Brian Solari was born into an Italian family of chefs and food purveyors. The matriarch of the family was his Italian-immigrant grandmother Carmella who cooked recipes that had been passed down generations from the old country in Italy in her kitchen in South Philadelphia. Solari's family business was as distributors of Italian meats and delicacies in New Jersey and his uncle Dennis was a chef at an Italian restaurant. He had other relatives who owned dessert cafes around Philadelphia and they were all very well known. In 1993, grandma Carmella moved to Charleston to retire and two years later Brian moved to Charleston to go to college there.

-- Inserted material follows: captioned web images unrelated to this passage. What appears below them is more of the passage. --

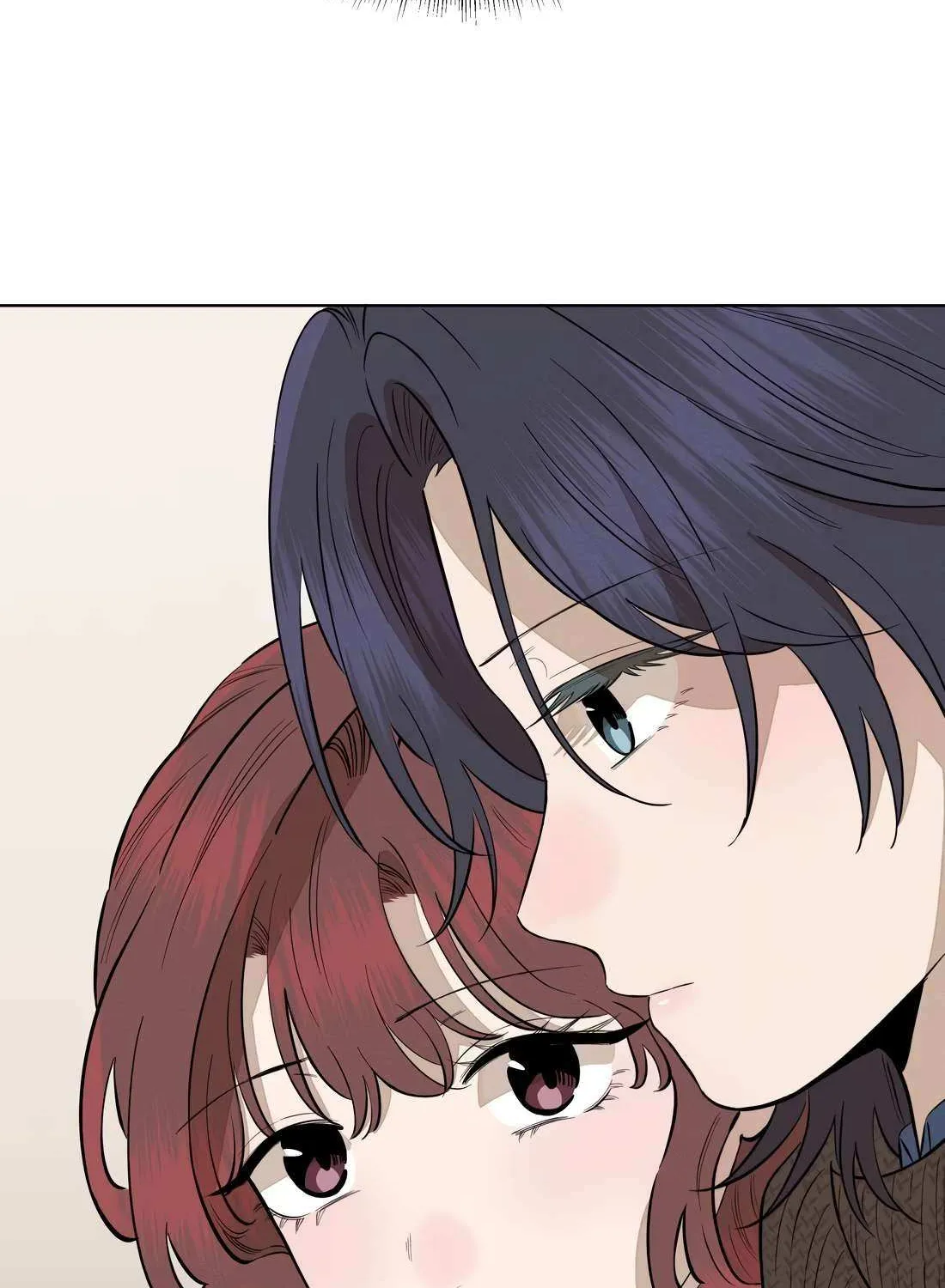 Read Fugue Across Worlds chapter 49 image 48 on Lezhin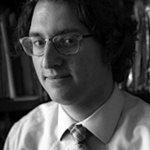 Devin E. Naar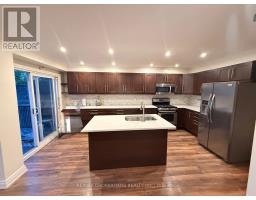 21 Fernbank Place, Whitby, ON L1R1S9 Photo 16
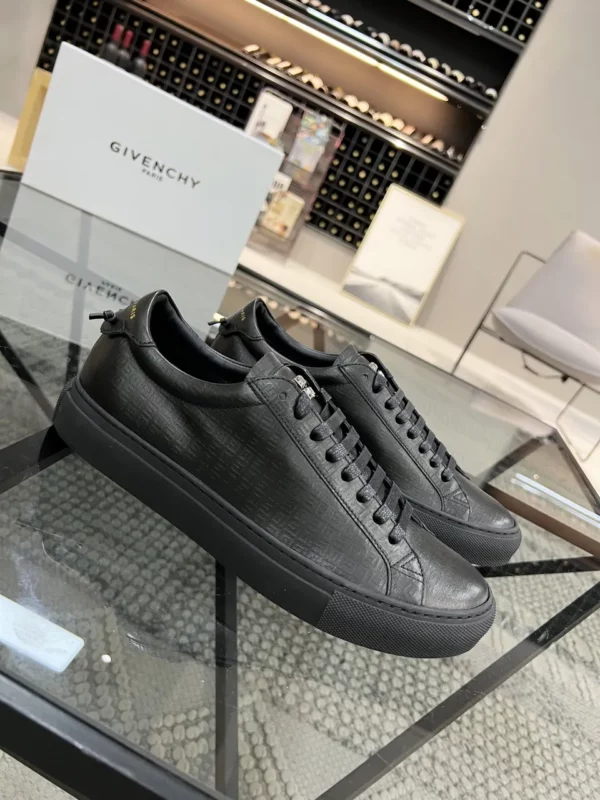 Givenchy shoes - Reps shoes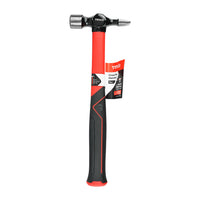 Cross Pein Hammer 8oz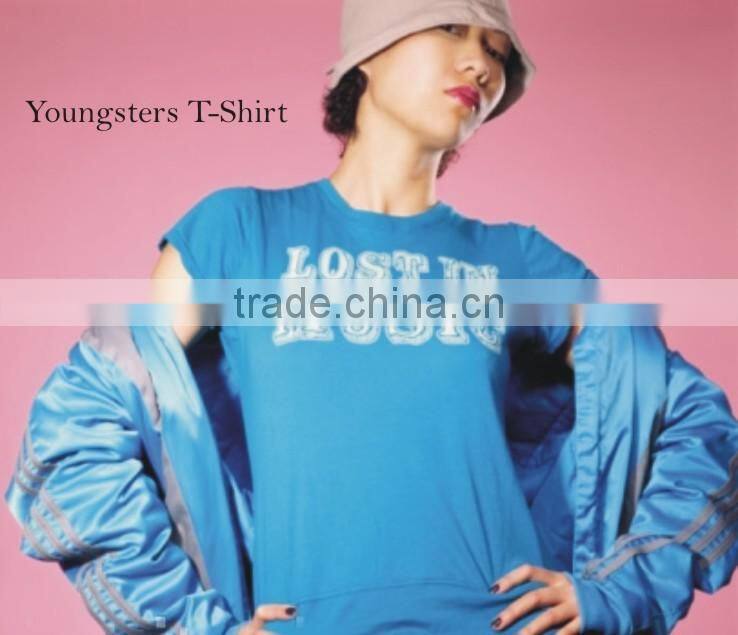 Women Tops, T-Shirts, New Design plain and printed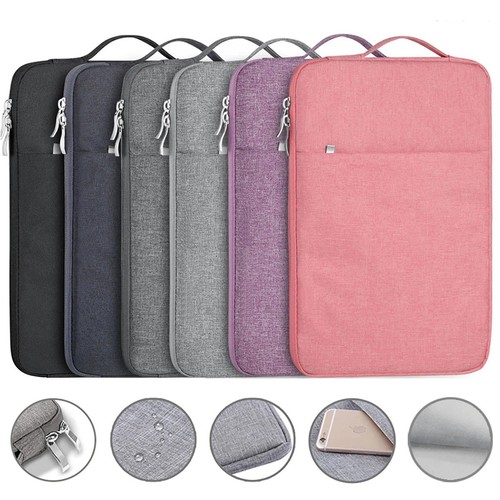 Portable laptop sleeve - sleeve, 11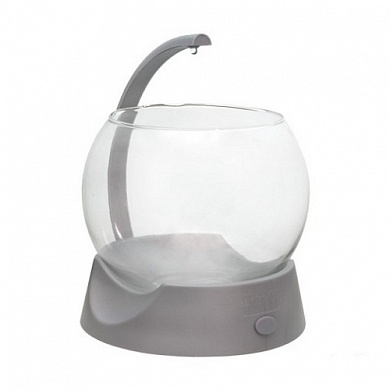 �������� Tetra Betta Bowl 1,8�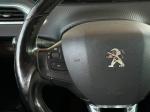 peugeot-2008-2017-gasolina-1199cc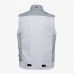 VEST EASYWORK LIGHT ISO 13688:2013 DIADORA 702.175345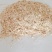 玉米饼饲料精品玉米次粉，鸡鸭鹅专用饲料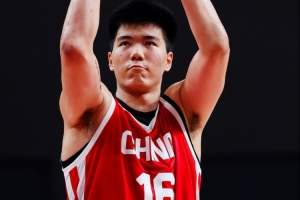 墨西哥U17女籃vs意大利U17女籃進球集錦_墨西哥U17女籃vs意大利U17女籃進球集錦在線觀看_免費看直播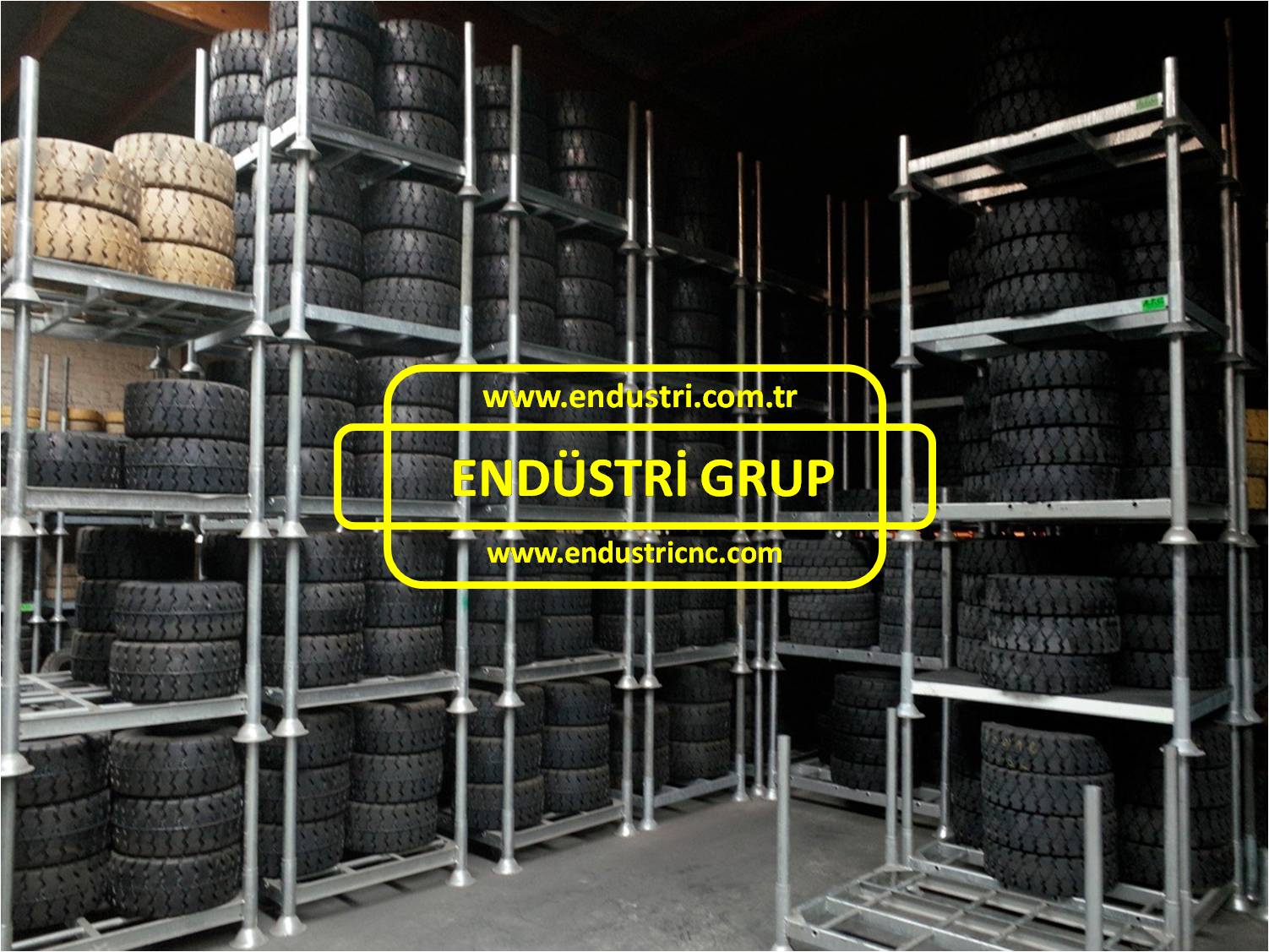 metal-galvanizli-celik-rafli-direkli-borulu-dikmeli-big-bag-kumas-bobin-rulo-tasima-istifleme-paleti-paletleri-manubag-palrack-manurack (2) metal-galvanizli-celik-rafli-direkli-borulu-dikmeli-big-bag-kumas-bobin-rulo-tasima-istifleme-paleti-paletleri-manubag-palrack-manurack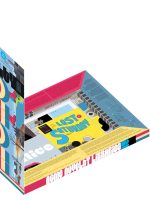 2 ACME 21 Box Open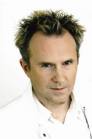 Howard Jones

Solari always felt that Charleston had a bit of European charm down to the cobblestone streets in the French Quarter and how people walked with ease about the neighborhood. One thing that Solari felt Charleston needed was an Italian-style dessert cafe - similar to the ones that were on Italian piazzas, and like the ones his relatives ran in and around Philadelphia.

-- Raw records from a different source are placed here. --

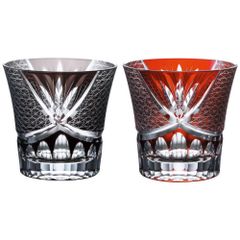 非売品 TARPtoTARP GLASS Shot FOLKWOOD ver. - メルカリ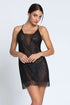 Lise Charmel J33 Charme Secret Sexy Nightie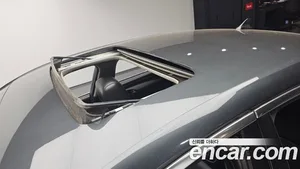 Cadillac ATS, 2017 — миниатюра 15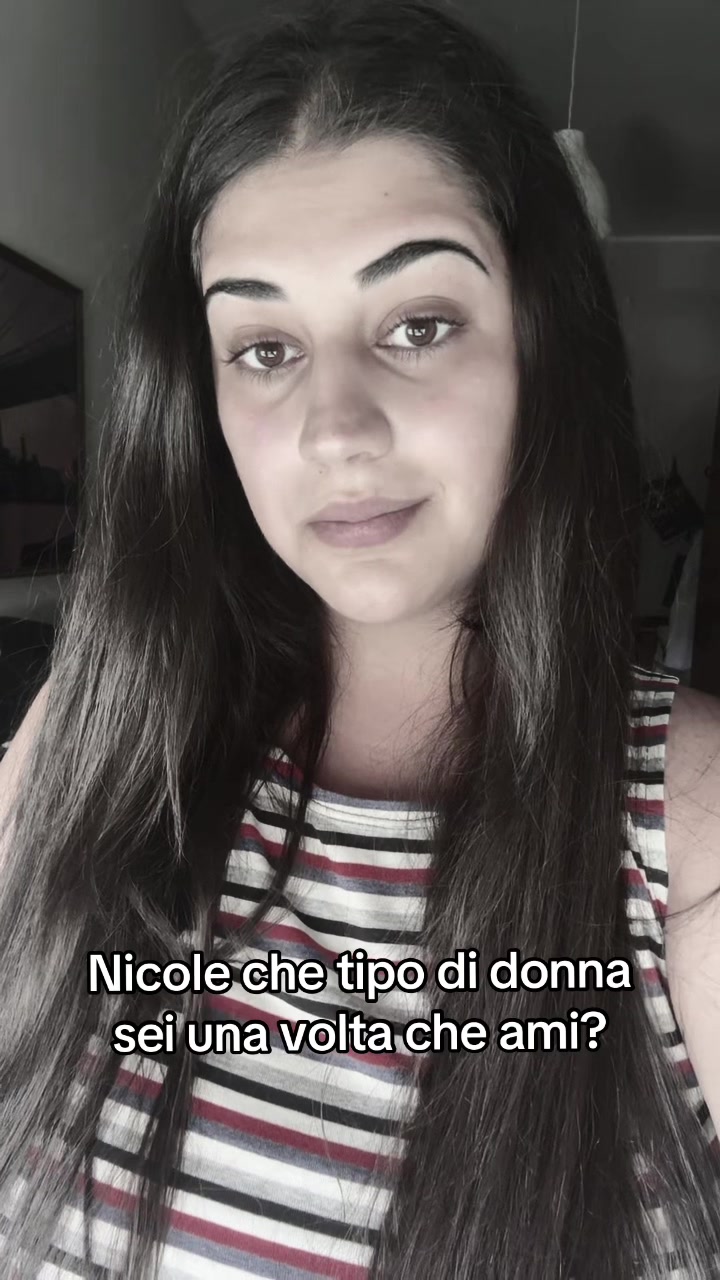 @Nicole🌙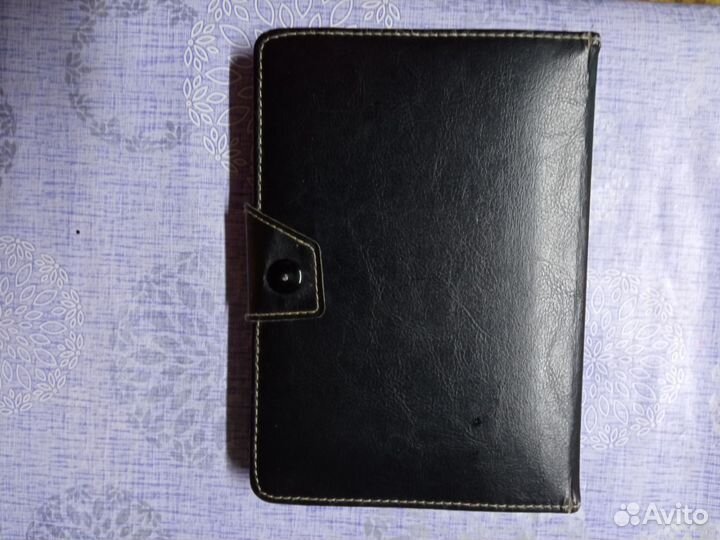 Планшет texet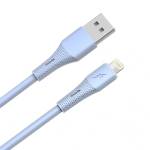 AVAX CB3305 с механизъм за отваряне на врати (CB3305)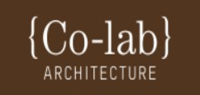 Co-lab Architects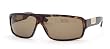 Gucci 1561/S 0806 Men's Sunglasses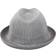 Kangol Hut Tropicplayer - Gris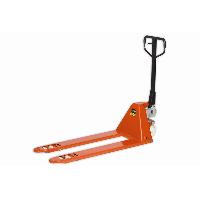 industrial lifting equipment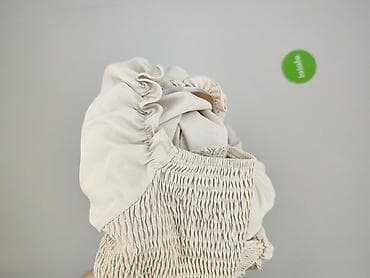 julipa: Shein, Sukienka damska, rozmiar L — 7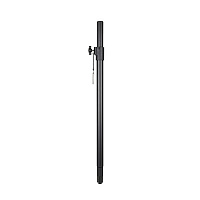 ECO SSA026 Black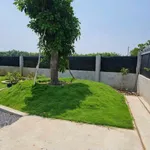 Bán nhà vườn kho 1123m² Bình Lợi, Bình Chánh 4,6 tỷ - Ảnh thu nhỏ 4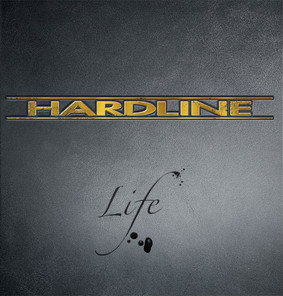 Hardline - Life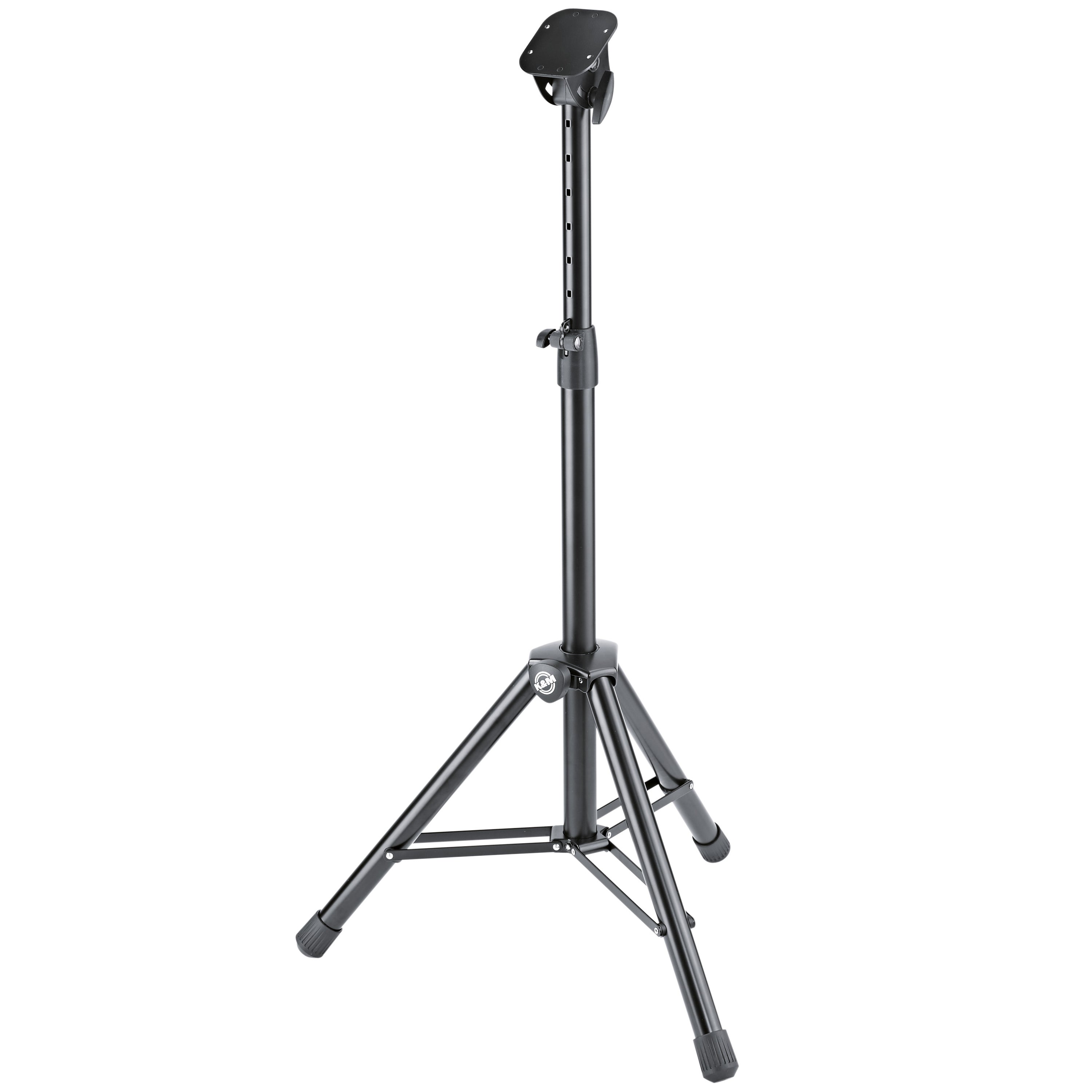 Konig & Meyer 12331 Orchestra basis voor lessenaar-tops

Pictured right - Brian Solari. Photo courtesy Carmella's Cafe and Dessert Bar website.
Solari partnered with the Blandford family who owned a commercial construction company that did the build out on an old building in Charleston's French Quarter. In October of 2014, Carmella's Cafe & Dessert Bar opened. In December of 2023, a second location opened in Greenville, SC and plans are in the making for a third location in Columbia, SC sometime in 2025.
The line moved pretty quickly and we were inside within a couple minutes. Carmella's was packed that evening with people lined up at the marble-topped bar. The menu for the cafe was posted on flatscreen televisions behind the bar. Carmella's also has sandwiches, breakfast items, pizza-by-the-slice, and gourmet cookies including a lemon ricotta cookie that definitely caught my eye.
Carmella's isn't a large place with a few tables along the original inner brick wall of the building. With the door open on a warm and humid evening, the air conditioning was doing the best it could to keep up with the crush of people in the place. Fans mounted high on the wall helped keep the air moving to try and keep everyone comfortable.
While waiting in line we encountered the cake and pastry counter. They had tiramisu in a dessert cup, cannoli, key lime pie, and a lemon/blueberry cheesecake that made my legs buckle when I saw that. There was a honey orange cake that was a vanilla cake filled with a light orange curd and topped with a Swiss honey buttercream. Yum!!! Some of the pastries available at Carmella's come from recipes by way of Brian Solari's chef uncle Dennis who was mentored in pastry baking by world-renowned pastry chef Biagio Settepani of Bruno's Italian Bakery in New York City.
Carmella's is known for their "boozy" milk shakes and they have a full bar if you're looking for a cocktail or craft beer. Wine was also available along with specialty cocktails including hot and frozen drinks, and milk shakes such as a lemon vodka, lemonade, limoncello and vanilla gelato shake; and one with espresso liqueur, creme de cacao, and mascarpone gelato - basically a tiramisu drunken shake. Now, both of those also made my knees buckle when I was looking at them on the menu!
Of course, Carmella's has coffee, cappuccino, espresso and lattes, as well as gelato and sorbetto. My wife saw something at she had to try - The Resurrection. It featured espresso vodka (didn't know there was such a thing as espresso vodka or espresso liqueur until I went to Carmella's), espresso and espresso gelato. I told my wife that she was going to be drunk and awake all night!
I had to go with an affogato made with espresso and vanilla gelato. And for good measure, I had them put a shot of amaretto in with it. A spot had opened at the bar by the time our dessert drinks were served to us.
Oh my GOD!!! I love affogato, but I love it more with some sort of liqueur poured in with the gelato and espresso. It was so good to enjoy some gelato and get a buzz from the espresso and the amaretto.
From the first sip my wife took, she went, "My god", as well. "This is lethal," she laughingly exclaimed. I had a drink of it and - boy - did it taste good. We were just blown away at how good these dessert drinks were. But I was also blown away at the price. It was $24.50 before tax and tip. I suppose that's what happens when you add alcohol to already decadent dessert drinks.
We never made it back to Carmella's Cafe and Dessert Bar during our time in Charleston. And it's probably a good thing. The dessert pastries, cakes and cookies were enticing enough, but the boozy shakes and the chance to add liqueur to affogato was just plain sinful. It was so wickedly good and that it is probably outlawed in some areas of the U.S. What a great find Carmella's was! It makes me want to go back to Charleston tomorrow.